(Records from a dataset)
# # # # # # #

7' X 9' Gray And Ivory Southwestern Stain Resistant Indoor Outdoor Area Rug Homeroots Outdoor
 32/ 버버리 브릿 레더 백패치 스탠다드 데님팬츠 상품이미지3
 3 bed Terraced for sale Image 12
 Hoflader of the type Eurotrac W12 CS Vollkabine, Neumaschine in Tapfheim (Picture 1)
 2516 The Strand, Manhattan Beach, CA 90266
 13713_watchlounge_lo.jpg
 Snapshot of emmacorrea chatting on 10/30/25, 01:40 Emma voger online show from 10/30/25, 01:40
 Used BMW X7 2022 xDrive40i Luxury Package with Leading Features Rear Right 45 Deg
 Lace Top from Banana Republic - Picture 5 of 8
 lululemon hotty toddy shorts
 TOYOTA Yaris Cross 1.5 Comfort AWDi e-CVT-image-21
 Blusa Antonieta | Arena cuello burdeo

# # # # # # #

Exercise details
If the string "Picture" is in a line of the entries, pick that line out.

Expected answer
 Hoflader of the type Eurotrac W12 CS Vollkabine, Neumaschine in Tapfheim (Picture 1)
 Lace Top from Banana Republic - Picture 5 of 8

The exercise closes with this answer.